(Records shown begins)

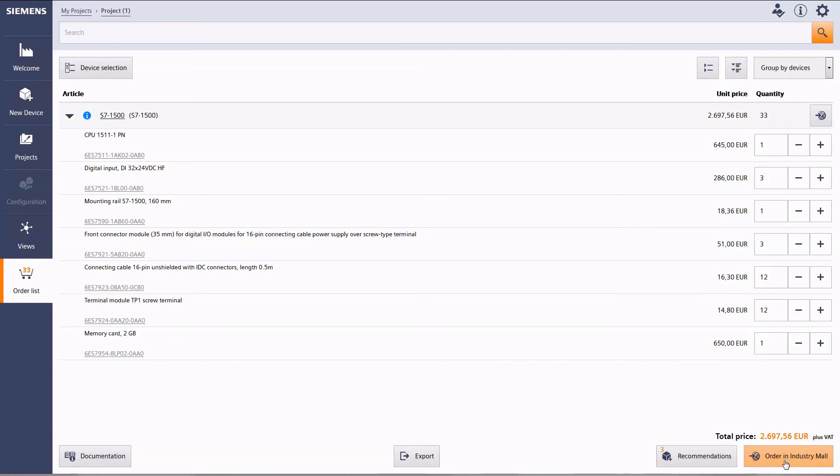Thank you for your interest in the TIA selection tool. Check out further information at the shown internet address.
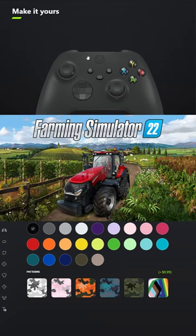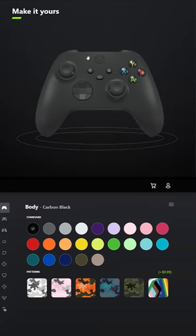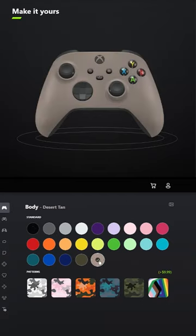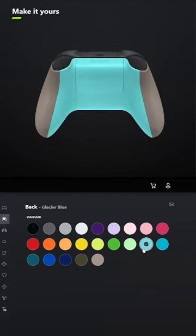I designed a controller for Farming Simulator 22, just the greatest game of all time. For the body, select Desert Tan, and for the back, select Glacier Blue.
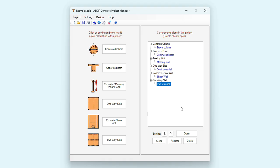As you can see, this new package ASDIP Concrete 6 includes six modules that will be very useful in any structural design office. If you like the software, please visit www.asdipsoft.com and download the free 15-day trial. Please subscribe to the channel if you want to receive notifications for similar videos in the future. Thank you for your attention.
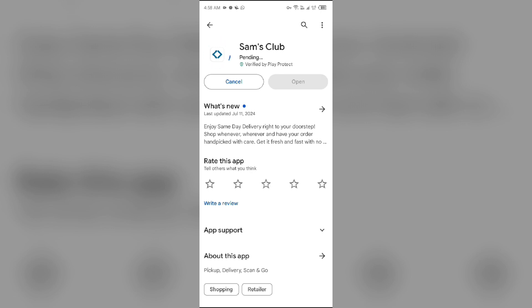If none of the above methods work, the issue may be that Sam's Club app server is down. In such cases, you may need to wait for some time and try again later. Thank you for watching our video, and we hope these solutions help resolve the Sam's Club app issue for you.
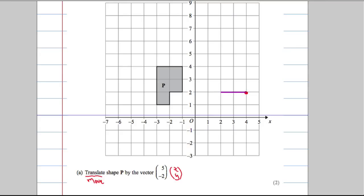It should go on the grid in the exact same orientation, just in a different position. Carefully draw it on — you should be using a ruler and a pencil — and that's what we need to do to get our two marks there.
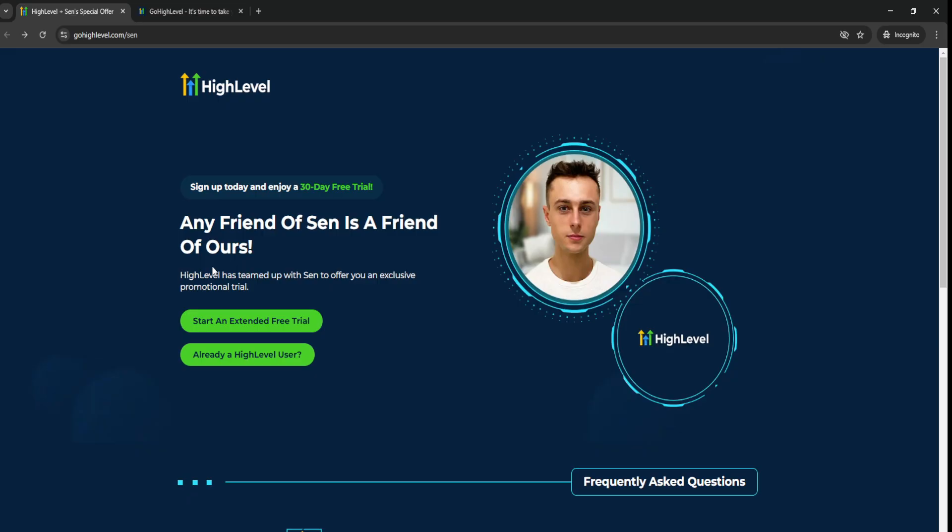Link will be down below. And thanks for watching today's Go High Level free trial and Go High Level 30-day free trial video guide. Thank you.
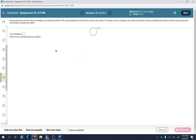This is section 5.2, number 23. Assume that when human resource managers are randomly selected, 48% say job applicants should follow up within two weeks. If eight human resource managers are randomly selected, find the probability that at least six of them say job applicants should follow up within two weeks. At least six means six, seven, or eight — all three cases.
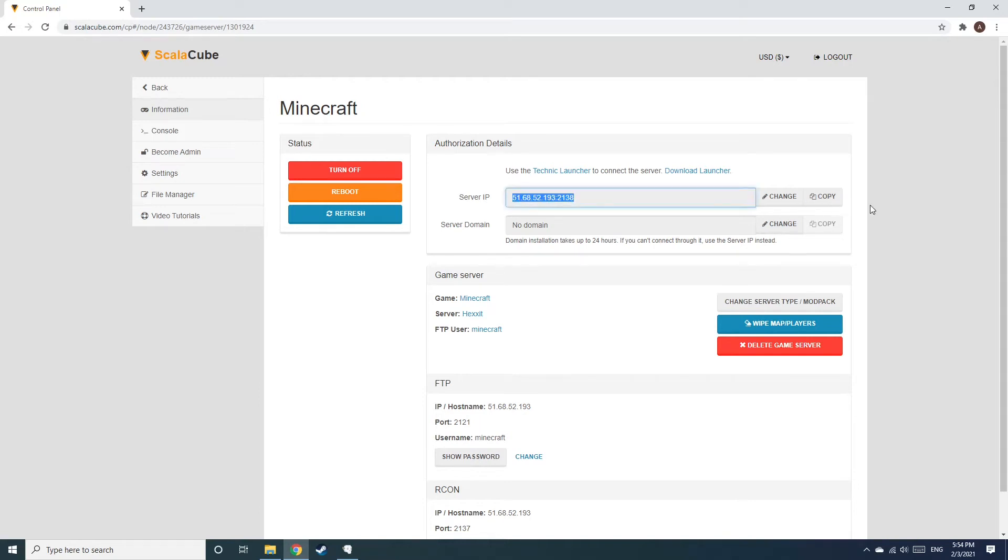Copy your IP address. Start up your client and connect to it using the copied IP address.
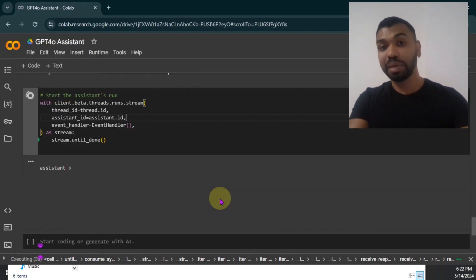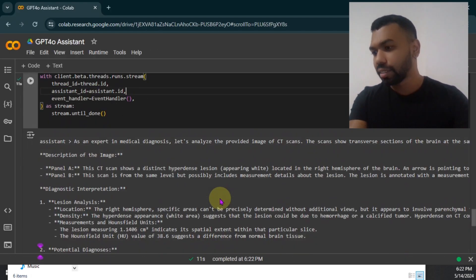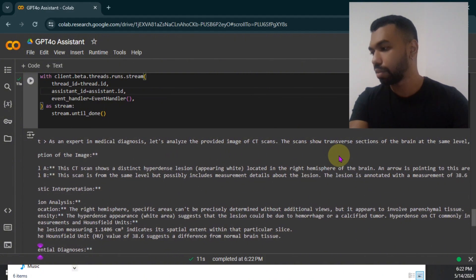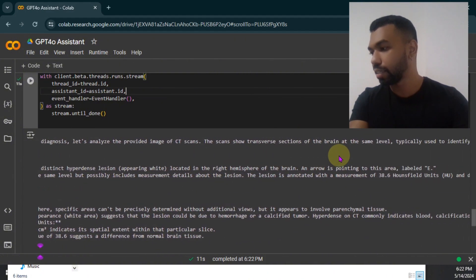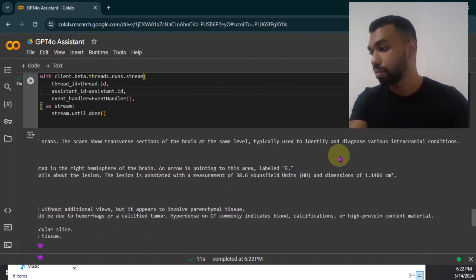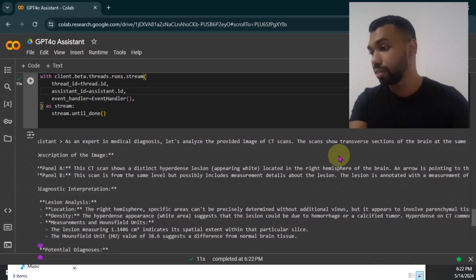Let's see if the assistant is able to detect the brain hemorrhage. As an expert in medical diagnosis that was analyzed, they provided image of CT scans. The scan shows traverse sections of the brain at the same level, typically used to diagnose various intercranial conditions. Well, I'm not an expert, but it sounds just as good as any medical expert.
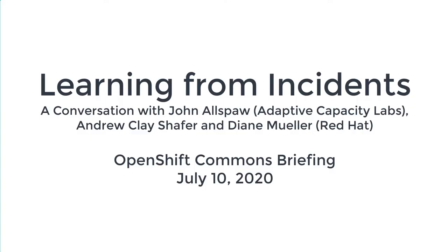All right, everybody, welcome back to another OpenShift Commons briefing with the good folks from the GTO office. We have Andrew Clay Schaefer here with us and John Alspaugh from Adaptive Capacity Labs. Today we're going to talk about learning from incidents. Andrew, take it away.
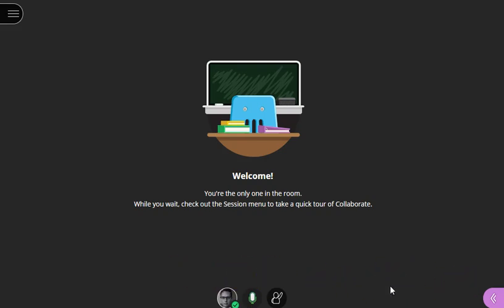That shows you how to connect to a Collaborate Ultra session. We'll show you in other videos how you can interact with teachers and peers in a more sophisticated way.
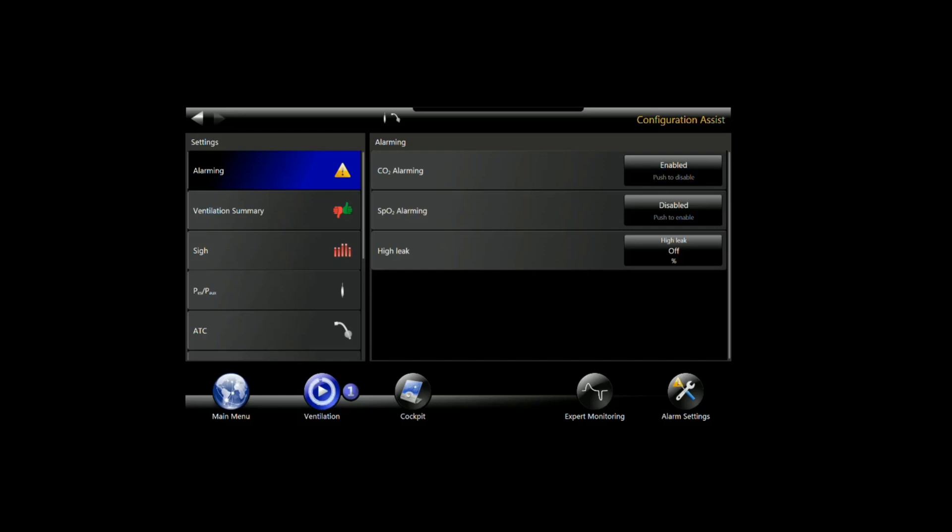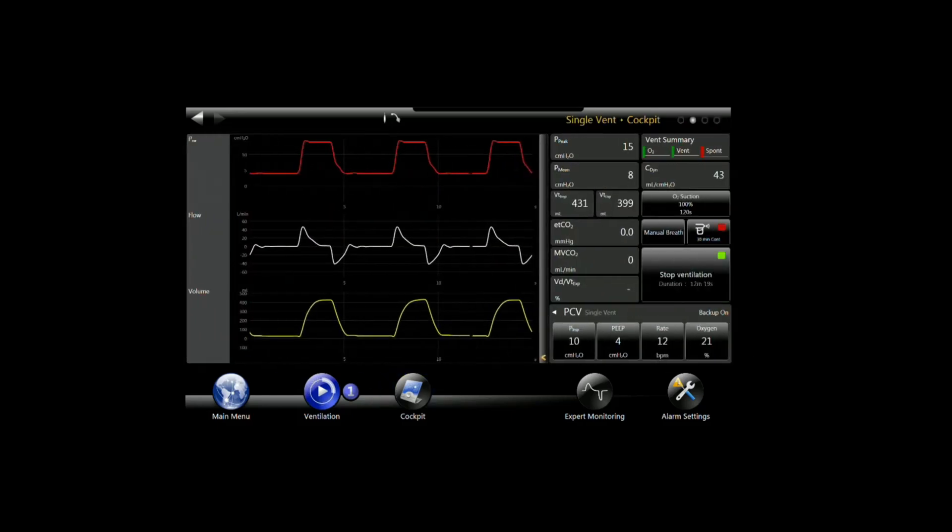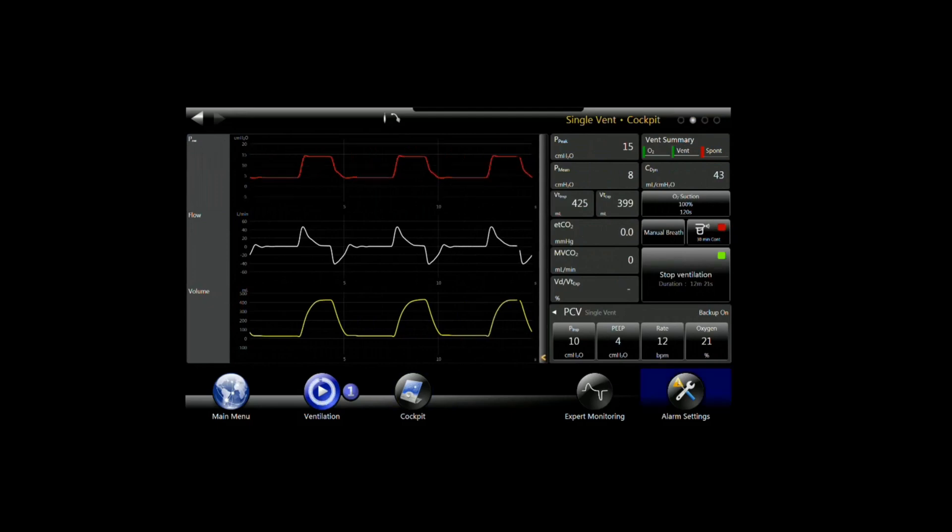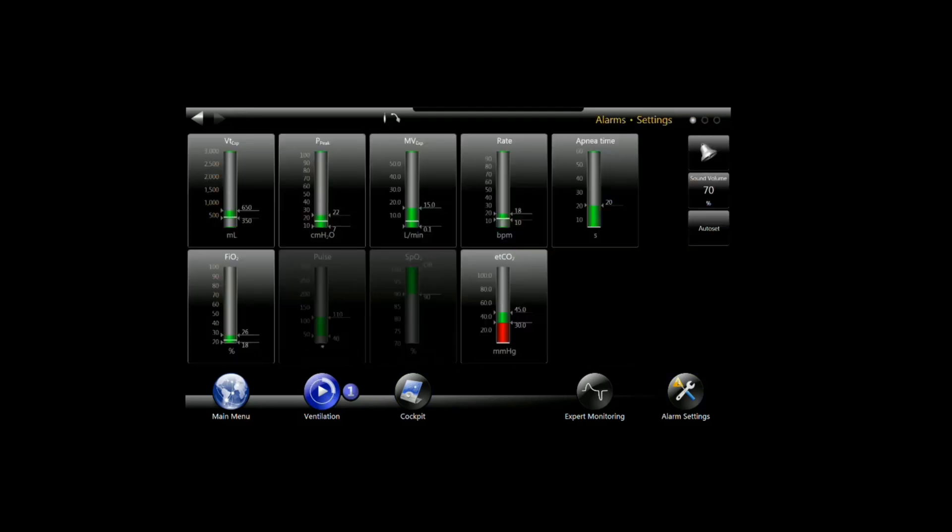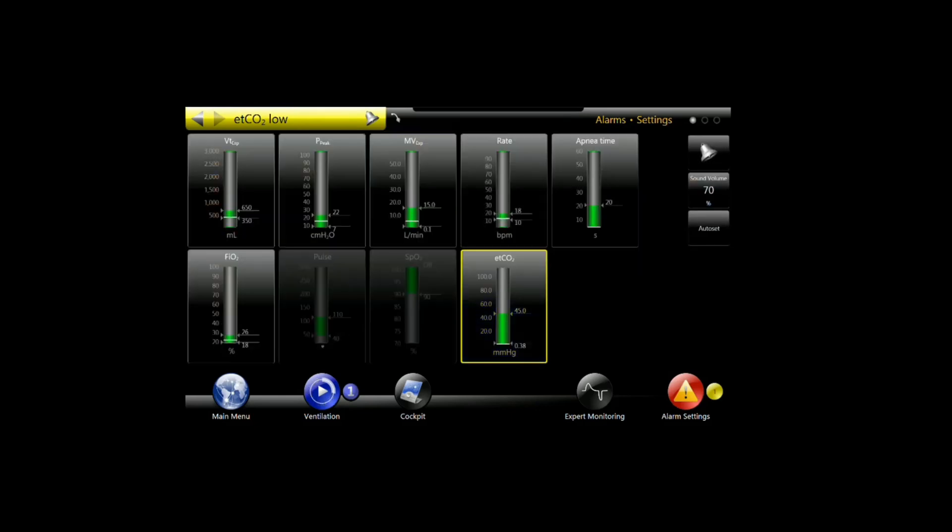Now that they're enabled, we'll jump back out to the cockpit screen. If we go to the alarm settings page, you'll see that now we have an end tidal CO2 alarm available. I'm going to go ahead and drop that down so that we don't get any nuisance alarms while it's not in line.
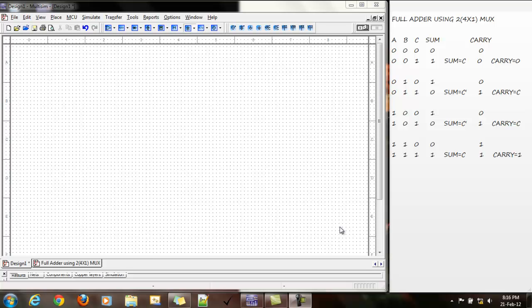Hello everyone, this is Parish here. In this tutorial, I am going to show you how to design a full adder using two 4x1 multiplexers.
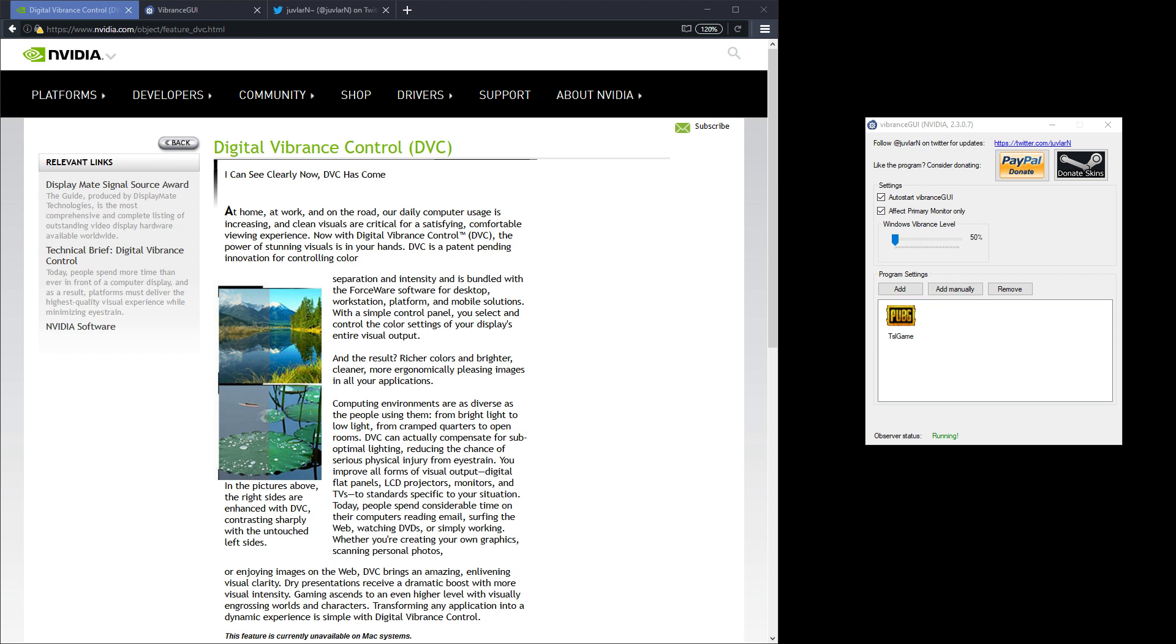This is NVIDIA's page about digital vibrance control and it will tell you that it's going to help clean the visuals and make the colours richer and brighter, and it gives you a quick comparison on what a picture looks like with and without digital vibrance.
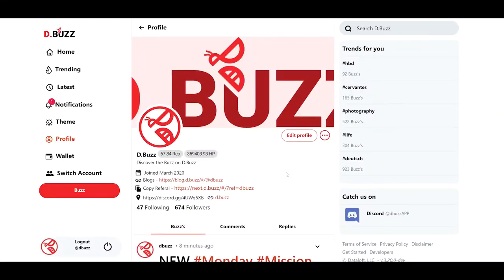Hello and welcome to D.Buzz, your microblog built on the Hive blockchain. Today we're going to be talking about the D.Buzz feature that allows you to do YouTube video embeds.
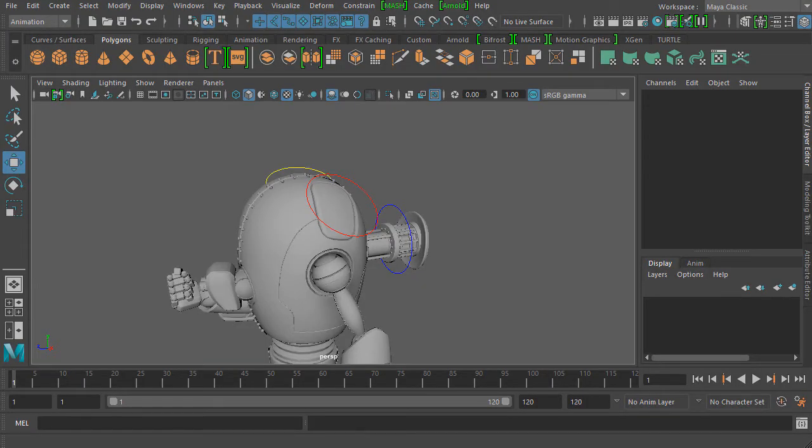In this clip we're going to begin animating our robot character. In the last clip we went over the very basics of adding keyframes inside of Maya, and now we're actually going to begin using those keyframes to create a basic animation.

(Records shown ends)

Of the lines above, quote exactly those from the one with "Hello everyone, this" through the one with "This is NVIDIA's", ends included; pictures stay out.

Hello everyone, this is Parish here. In this tutorial, I am going to show you how to design a full adder using two 4x1 multiplexers.
This is NVIDIA's page about digital vibrance control and it will tell you that it's going to help clean the visuals and make the colours richer and brighter, and it gives you a quick comparison on what a picture looks like with and without digital vibrance.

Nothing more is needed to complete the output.